In particular, I was thinking about how much information is communicated in the schematic map of the Underground system. It is apparently 100 years since a unified map was first produced, but the current diagram didn’t appear until 1931.
It is interesting to discover that this world-famous version was designed by Harry Beck, an employee who worked on it during his spare time. I like the idea that Beck showed initiative in doing this – and I’m not really surprised to read that he had a hard time convincing his bosses to adopt his idea (nor that they didn’t give him sufficient credit for many years).
All too often there is untapped talent in our organisations and management fails to capitalise or recognise the goodwill and value that engaged employees can bring.
Feedback from employed friends indicates that this is even more the case at present. Ignoring concerns about job security and no pay increases, it seems many companies feel employees should just be grateful to be in employment and are failing to communicate with, in favour of issuing commands.

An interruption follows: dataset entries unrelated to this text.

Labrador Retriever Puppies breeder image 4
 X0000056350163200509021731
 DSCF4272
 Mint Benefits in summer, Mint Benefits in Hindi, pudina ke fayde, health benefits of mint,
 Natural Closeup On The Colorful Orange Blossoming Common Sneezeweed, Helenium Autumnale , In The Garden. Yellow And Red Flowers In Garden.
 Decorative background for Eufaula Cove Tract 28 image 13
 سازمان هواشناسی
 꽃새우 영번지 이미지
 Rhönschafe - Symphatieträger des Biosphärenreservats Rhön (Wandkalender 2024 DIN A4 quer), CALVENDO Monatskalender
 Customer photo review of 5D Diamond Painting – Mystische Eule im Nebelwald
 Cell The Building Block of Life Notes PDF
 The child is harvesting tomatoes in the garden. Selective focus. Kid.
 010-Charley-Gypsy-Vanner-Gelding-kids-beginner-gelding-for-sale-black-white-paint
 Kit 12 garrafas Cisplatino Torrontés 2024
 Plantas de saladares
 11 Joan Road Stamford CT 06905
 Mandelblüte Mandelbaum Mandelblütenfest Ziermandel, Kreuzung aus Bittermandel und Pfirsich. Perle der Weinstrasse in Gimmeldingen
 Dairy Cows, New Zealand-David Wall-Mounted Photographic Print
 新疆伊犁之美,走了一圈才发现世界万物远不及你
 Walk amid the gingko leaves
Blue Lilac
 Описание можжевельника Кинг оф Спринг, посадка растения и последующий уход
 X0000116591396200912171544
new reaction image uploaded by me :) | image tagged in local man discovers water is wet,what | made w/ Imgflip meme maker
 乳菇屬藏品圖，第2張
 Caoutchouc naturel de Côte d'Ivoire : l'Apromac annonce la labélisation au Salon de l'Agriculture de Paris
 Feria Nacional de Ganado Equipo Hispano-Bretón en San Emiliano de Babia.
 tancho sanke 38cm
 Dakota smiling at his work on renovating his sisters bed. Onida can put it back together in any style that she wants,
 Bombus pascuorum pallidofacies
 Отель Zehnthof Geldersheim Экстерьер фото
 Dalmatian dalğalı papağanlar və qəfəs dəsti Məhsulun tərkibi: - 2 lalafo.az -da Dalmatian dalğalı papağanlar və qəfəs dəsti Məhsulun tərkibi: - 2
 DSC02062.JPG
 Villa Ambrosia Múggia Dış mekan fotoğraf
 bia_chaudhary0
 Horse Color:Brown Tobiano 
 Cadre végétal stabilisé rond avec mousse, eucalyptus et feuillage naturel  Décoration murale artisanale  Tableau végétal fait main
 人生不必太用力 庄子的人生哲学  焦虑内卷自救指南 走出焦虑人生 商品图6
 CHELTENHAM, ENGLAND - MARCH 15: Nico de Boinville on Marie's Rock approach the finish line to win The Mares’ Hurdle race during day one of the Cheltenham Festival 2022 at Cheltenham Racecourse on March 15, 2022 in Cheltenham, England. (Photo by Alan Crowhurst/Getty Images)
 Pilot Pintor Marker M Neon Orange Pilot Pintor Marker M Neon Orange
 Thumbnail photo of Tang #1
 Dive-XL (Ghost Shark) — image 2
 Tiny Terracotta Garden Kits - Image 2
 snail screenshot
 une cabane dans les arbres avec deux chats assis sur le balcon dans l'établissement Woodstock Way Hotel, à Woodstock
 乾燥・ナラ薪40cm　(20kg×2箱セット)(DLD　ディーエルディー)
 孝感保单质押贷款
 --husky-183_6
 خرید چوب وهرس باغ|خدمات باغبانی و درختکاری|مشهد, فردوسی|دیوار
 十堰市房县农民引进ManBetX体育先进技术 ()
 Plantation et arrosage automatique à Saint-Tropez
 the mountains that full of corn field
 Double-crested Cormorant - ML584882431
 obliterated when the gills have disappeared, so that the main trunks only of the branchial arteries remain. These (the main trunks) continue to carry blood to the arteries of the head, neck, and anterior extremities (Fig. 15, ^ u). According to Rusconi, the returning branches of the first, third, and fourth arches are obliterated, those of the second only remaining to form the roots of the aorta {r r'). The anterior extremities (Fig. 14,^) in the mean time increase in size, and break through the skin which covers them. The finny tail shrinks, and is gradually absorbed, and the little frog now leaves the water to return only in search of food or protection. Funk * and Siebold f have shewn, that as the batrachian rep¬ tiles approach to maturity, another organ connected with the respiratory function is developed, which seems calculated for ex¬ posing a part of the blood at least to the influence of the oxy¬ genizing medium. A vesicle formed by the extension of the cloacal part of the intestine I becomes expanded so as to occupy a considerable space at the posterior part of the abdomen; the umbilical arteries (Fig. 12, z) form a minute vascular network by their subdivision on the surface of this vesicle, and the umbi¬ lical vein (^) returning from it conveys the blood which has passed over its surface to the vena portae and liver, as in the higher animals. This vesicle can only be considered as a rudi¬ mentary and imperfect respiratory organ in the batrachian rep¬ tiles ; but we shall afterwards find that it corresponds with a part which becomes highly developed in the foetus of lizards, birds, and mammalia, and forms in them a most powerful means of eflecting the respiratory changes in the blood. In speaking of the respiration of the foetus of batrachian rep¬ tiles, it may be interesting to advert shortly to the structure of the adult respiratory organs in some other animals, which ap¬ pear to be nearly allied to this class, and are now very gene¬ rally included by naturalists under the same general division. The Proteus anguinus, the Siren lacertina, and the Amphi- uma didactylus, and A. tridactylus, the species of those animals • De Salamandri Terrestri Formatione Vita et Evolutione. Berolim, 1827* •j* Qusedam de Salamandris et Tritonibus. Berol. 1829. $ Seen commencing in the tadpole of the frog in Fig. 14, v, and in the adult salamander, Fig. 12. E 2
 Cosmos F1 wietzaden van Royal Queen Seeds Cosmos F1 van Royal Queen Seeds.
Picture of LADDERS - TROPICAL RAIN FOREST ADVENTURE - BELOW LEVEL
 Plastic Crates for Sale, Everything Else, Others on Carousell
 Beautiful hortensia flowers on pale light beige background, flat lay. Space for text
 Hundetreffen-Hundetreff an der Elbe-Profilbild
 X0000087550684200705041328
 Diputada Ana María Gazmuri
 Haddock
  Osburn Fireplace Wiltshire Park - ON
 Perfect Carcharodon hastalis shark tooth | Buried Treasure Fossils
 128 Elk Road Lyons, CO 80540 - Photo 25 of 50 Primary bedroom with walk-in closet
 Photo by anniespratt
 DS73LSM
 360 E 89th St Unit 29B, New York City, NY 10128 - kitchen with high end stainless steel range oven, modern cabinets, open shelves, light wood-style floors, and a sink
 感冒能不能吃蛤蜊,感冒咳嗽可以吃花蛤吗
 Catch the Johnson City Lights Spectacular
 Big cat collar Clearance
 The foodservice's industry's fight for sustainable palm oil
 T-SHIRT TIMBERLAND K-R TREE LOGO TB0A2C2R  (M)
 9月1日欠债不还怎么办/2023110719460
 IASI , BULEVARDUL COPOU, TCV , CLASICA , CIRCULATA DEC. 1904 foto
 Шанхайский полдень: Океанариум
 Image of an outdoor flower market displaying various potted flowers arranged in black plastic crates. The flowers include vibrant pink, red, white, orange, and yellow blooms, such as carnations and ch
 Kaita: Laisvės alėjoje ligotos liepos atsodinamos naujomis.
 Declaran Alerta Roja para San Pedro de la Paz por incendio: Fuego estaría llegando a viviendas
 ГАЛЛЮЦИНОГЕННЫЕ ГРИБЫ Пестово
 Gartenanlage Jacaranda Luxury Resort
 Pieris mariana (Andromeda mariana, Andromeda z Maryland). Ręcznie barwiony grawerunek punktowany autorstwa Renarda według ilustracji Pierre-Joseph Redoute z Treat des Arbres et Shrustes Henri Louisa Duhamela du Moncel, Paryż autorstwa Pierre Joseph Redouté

It is perhaps relevant also to link this to Underground thinking as employees are critical in “below the line” communications. Whether they are motivated or enthusiastic about a company is essential in ensuring credible internal and external communications.
I once worked for a company where I was the only PR person, but I viewed every single one of the 700 employees as part of my team. I needed their support to achieve any where near the communications clout of our two main competitors (who had PR functions numbering 28 and 44 people respectively).
They were part of my schematic communications map in engaging with all our different stakeholders. I also gained enormously from the initiative that my mega-team provided – whether it was in our CSR activities, staffing at motorshows or creative design ideas.
Never underestimate what is underground in your organisation – you never know, you might have the communications genius of a Harry Beck right under your nose.